Michael Quigley travelled to the cross from Shankill with his wife and their daughter to recall an event which was special to both his family and his faith. His father, Aidan, an Aer Lingus pilot, had the honour of flying the Pope out of Ireland from Shannon to Boston.
"It was a wonderful occasion," said Ann Quigley. "That line 'Young people of Ireland - I love you'. For someone to say that in those days was so warming and trendy. He was cool. He is some act to follow."
But was he a good Pope for the church?
"He was conservative," she replied.
"He was consistent," her husband remarked. "He did not do things to make people like him." However, he added: "Wonderful and all as he was, the church from that time has been in decline in terms of the numbers going to Mass. Maybe there is something there for the new man?"
Opinions differed on what sort of successor would be best.
"Maybe a younger Pope," said David Maughan (33), from Cabra. "Someone who is a little bit more liberal, more with the times."

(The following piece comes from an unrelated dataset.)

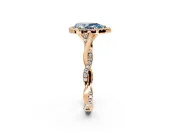 Halo Engagement Ring Setting for Fancy Blue Pear-Shaped Center with Twist Band and Prong Head in Rose Gold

All agreed, however, that whoever gets the job faces an uphill struggle.
While the Archbishop of Dublin, the Most Rev Diarmuid Martin, spoke in the Pro-Cathedral of the Pope's concern for "faith in Ireland", a busy trade was evident in the Ann Summers sex shop around the corner on Dublin's O'Connell Street.
Back at the Papal Cross, Julianne O'Brien, from Mulhuddart, laid a bouquet of flowers at the altar near which she had sat - aged just 10 months - in 1979. "I felt I had to come and pay my respects. He was a good man."
Despite her grief, however, she could not see herself rekindling the faith of her youth.
"I don't see the next Pope being any different," she said. "Will he be allowed to be different? I don't think so."